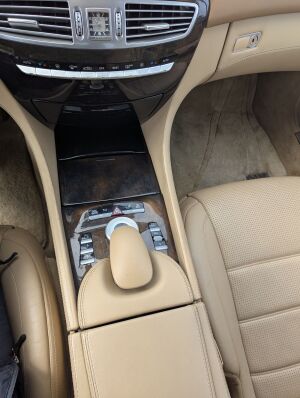 Mercedes-Benz CL63 AMG - 2011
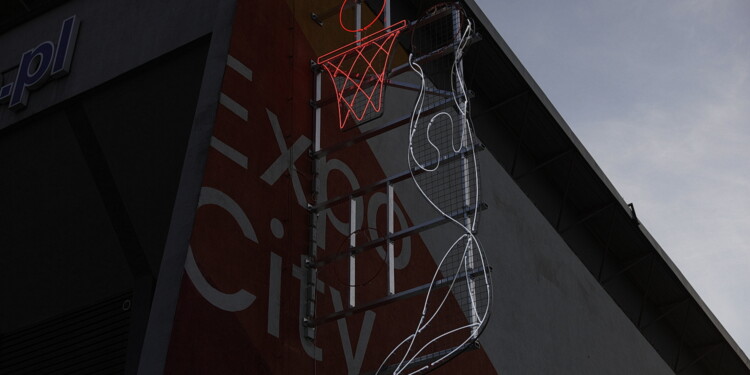 25.06.2022 Kielce. Hala przy ulicy Żytniej. Nowy neon - koszykarz / fot. Jarosław Kubalski - Radio Kielce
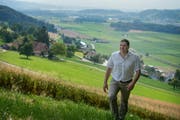 Roland Vonarburg, Präsident des Luzerner Gewerbeverbandes und Inhaber der Wauwiler Champignons AG, auf dem Santenberg in Wauwil. (Bild: Nadia Schärli / Neue LZ)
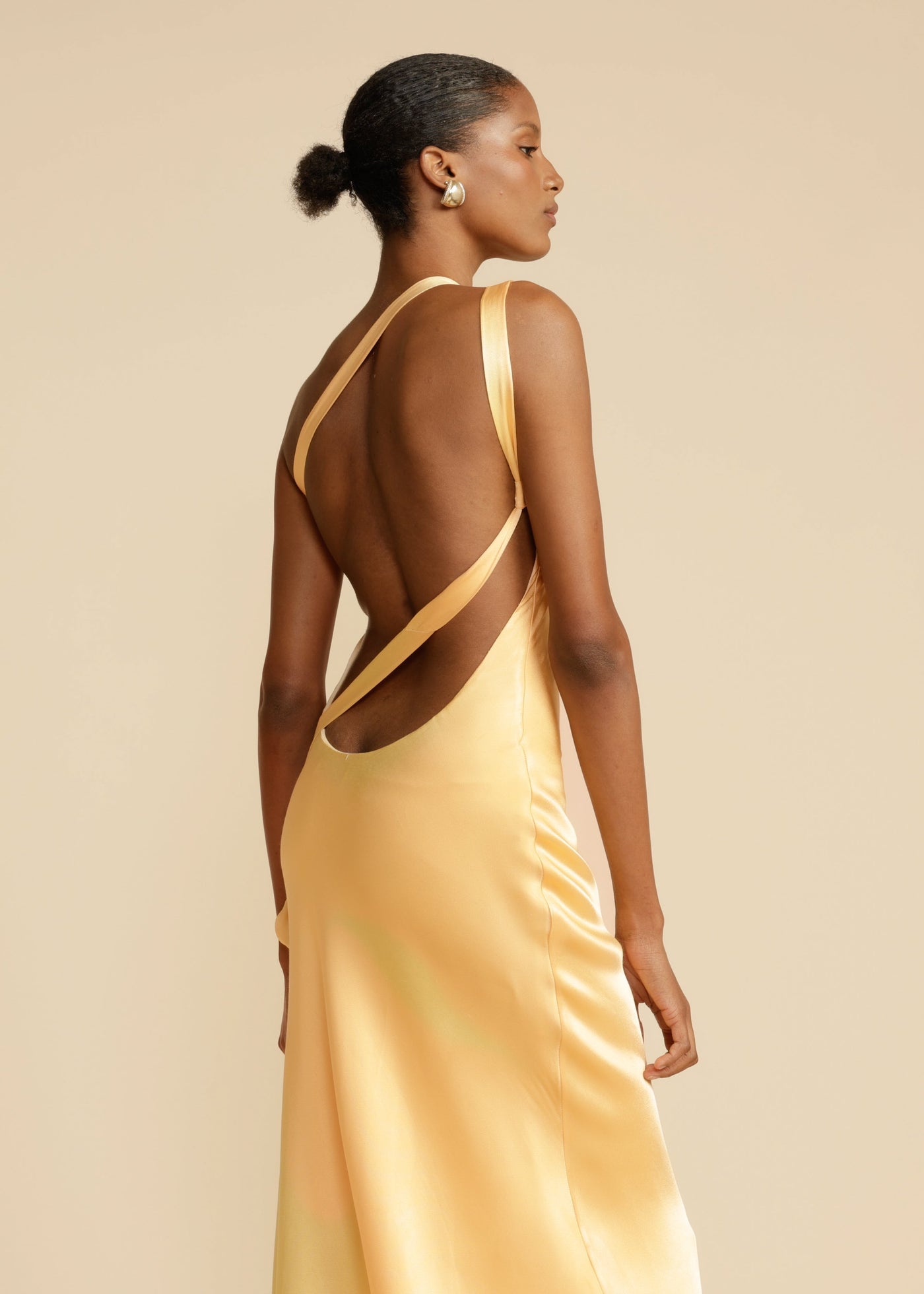 Inés – Elegantes Goldenes Kleid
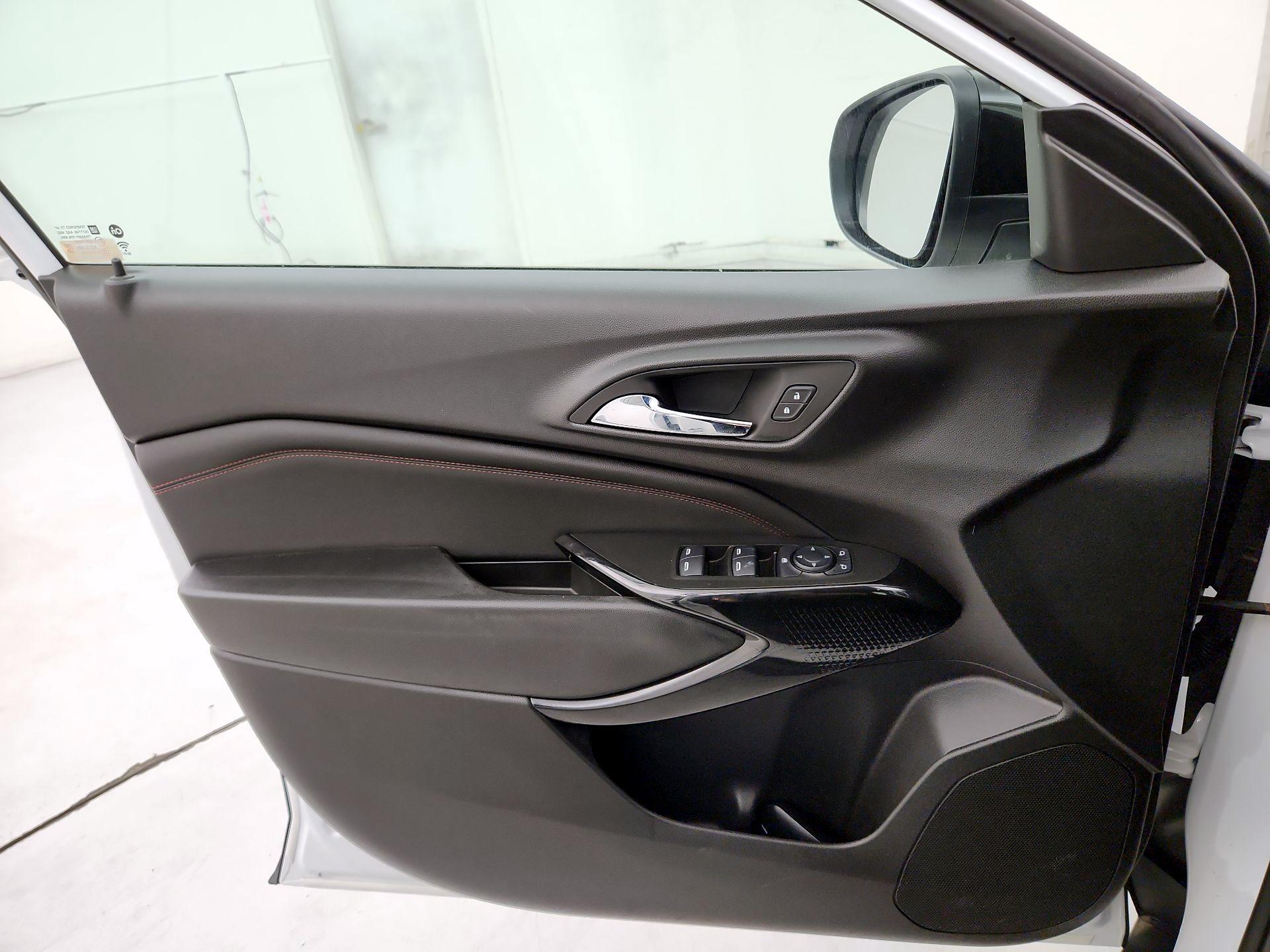 Thumbnail: 2025 Chevrolet Trax - 12
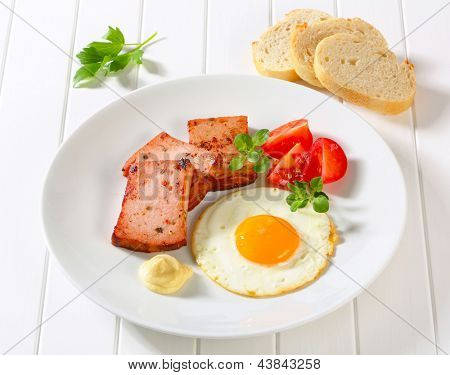 smažená vejce s leberkase a rajčaty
---+---
**Your task**
Because the pictures are not wanted, retype every record exactly without them.

**Response to the task**
 Mercedes-Benz CL63 AMG - 2011
 25.06.2022 Kielce. Hala przy ulicy Żytniej. Nowy neon - koszykarz / fot. Jarosław Kubalski - Radio Kielce
 Roland Vonarburg, Präsident des Luzerner Gewerbeverbandes und Inhaber der Wauwiler Champignons AG, auf dem Santenberg in Wauwil. (Bild: Nadia Schärli / Neue LZ)
 Inés – Elegantes Goldenes Kleid
 Thumbnail: 2025 Chevrolet Trax - 12
 smažená vejce s leberkase a rajčaty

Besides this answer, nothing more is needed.